After this past week’s debate about whether technology in the classroom enhances learning or not, my head was swirling. With this being the first online debate that I’ve been experienced, there was a lot to keep up with. Between conversations in the Zoom Room, the side chat that was going on and checking out the links that my fellow students, I was left feeling a little like this.
Going into this class, I felt that technology in the classroom does, of course enhance learning. If it didn’t, why would I be taking this course? The disagree team seemed to have been given a rather difficult task, trying to convince us all that technology in the classroom does not improve the education of our students. After the team arguing for the stance that EdTech is beneficial shared their opening video and presented their argument, I felt confident that I was right — that technology in the classroom does enhance learning.
Then the disagree team presented their argument. I found myself agreeing with their points and wondering whether my initial stance was accurate. I began thinking about the numerous roadblocks that I’ve hit and the headaches I’ve endured while attempting to integrate various technology into my classes. We’ve all experienced students forgetting their passwords, not having access to enough laptops, the wifi not working, etc. The monetary costs of providing access to tech can be astronomical and this group got me wondering — is it worth it?
I’ve spent time this week considering how I have integrated technology in my own classroom — how sometimes it has proved helpful and other times it has not.
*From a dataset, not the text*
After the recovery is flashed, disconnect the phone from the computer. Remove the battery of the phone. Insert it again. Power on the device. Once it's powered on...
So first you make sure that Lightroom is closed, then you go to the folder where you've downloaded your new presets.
Why is this? I think that the SAMR model provides a little insight.
When integrating technology at the substitution level, it is hard to see much benefit for my students. If some new tech is thrown into the mix but the task itself has not changed, all that has really happened is adding potential for frustration because there is more that could go wrong. Why mess around with getting all of your students logged into some new program when completing a task in a more traditional way is more efficient and effective? Reflecting on my teaching, the times that the integration of technology has not seemed all that beneficial seems to have been instances where I was at the substitution level.
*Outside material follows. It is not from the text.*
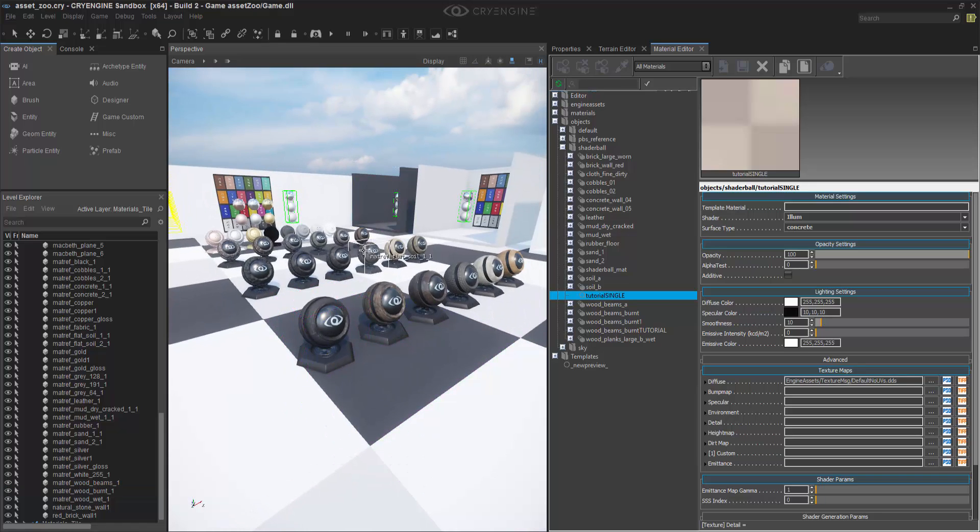So this has given you a quick overview on how you can manipulate materials through copying and pasting and making single and multi materials to be able to dress up your scene quickly and manipulate things that may already exist in Game SDK or from your teammates in your own development.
However, on the occasions where I have moved beyond substitution, and have been able to significantly redesign a task using technology, it seemed much more beneficial. The integration of technology needs to be meaningful and be used for a reason in order to have a positive impact. As Doris Wells-Papanek states in her article, The Purposeful Integration of ‘Technology’ into Teaching and Learning Best Practices, “there is no point in requiring students to engage in digital activities unless the tools serve as purposeful vehicles of learning and are effectively integrated into a plan.” AT (assistive technology) is a great example of truly purposeful integration of technology into classrooms — if technology is used in the classroom to help students with learning disabilities or other difficulties to achieve, by redesigning a task (modification) or making something possible for them that may have been inconceivable without the technology (redefinition), then the technology has clearly been able to enhance their learning.
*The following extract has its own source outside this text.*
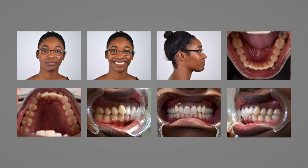Full face photographs should be taken straight on, with the patient's face filling as much of the frame as possible. For the first facial photograph, the patient should assume a relaxed expression while keeping their jaw in occlusion.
So if it is used with purpose, technology can enhance learning in a classroom. Why then did the debate group opposing this idea garner so much support from our class? Were they just really convincing or did their argument have merit? Upon further contemplation, their arguments were accurate — technology can be expensive, it can be difficult to use, wrought with issues, and can cause distraction. However, these issues do not negate the potential for educational benefit of technology. Rather, they outline some of the many issues of implementation of it. One of the articles used to support this side of the debate, The Missing Link in Educational Technology: Trained Teachers, suggests that “[e]ducational technology is not, and never will be, transformative on its own – it requires teachers who can integrate technology into the curriculum and use it to improve student learning” (p. 7). To me this really just suggests that it is difficult to integrate technology on a meaningful, tranformative level without adequate support and training and is not proof that it does not enhance learning.
When we refer to integrating technology into our classrooms, we are referring typically to newer technology — personal devices, online apps and social networks, class websites and organizational tools like google drive. Depending on context, educational technology can include other tools that we take for granted — pencils, chalkboards, textbooks and perhaps even school buildings themselves –tools that at one time may have evoked skepticism about whether they actually enhance learning.
In the TED Talk video, A different way to think about technology in education: Greg Toppo at TEDxAshburn, Greg Toppo quotes Larry Cuban as saying that ed tech is “Any device available to teachers for use in instructing students in a more efficient and stimulating manner than the sole use of the teacher’s voices.” This talk, along with other resources we’ve looked at this week emphasize that technology has always existed in education and often has received criticism before being accepted as standard practice. Although we can use this as an argument that current technologies are in the same category and that with time, the critics will be proven wrong and these technologies will become the norm, this is not necessarily true. Just because something is new does not mean that is inherently beneficial. Using technology just for the sake of using it does not create any meaningful change or benefit for students (remember the substitution level in SAMR?). As my classmate Stephanie Pipke-Painchaud states, it is not the technology itself that enhances learning, but “it’s how we use it that impacts our learning and the experiences of others around us.”
So… where am I at after last week’s debate and resources, my own readings and reflection and looking at what some of my fellow students have said? I really feel that this is not a black and white issue. I went into last week with the mindset that technology undoubtedly enhances learning and left that evening questioning this stance a bit. I think that at this point I am more of the opinion that technology in the classroom does not inherently improve learning, but rather that it provides the opportunity for enhanced learning if implemented purposefully. The digital world is here to stay. Our learners live in a world very different than the one that we grew up in and we need to adjust our teaching accordingly. As stated in 5 Ways Digital Tools Are Transforming the Education Space, “[a]mbitious, successful teaching and learning have become inherently intertwined with the digital world. Educators must be able to develop and enact rigorous, relevant instructional methods and formats while using digital tools effectively to underpin their instruction.”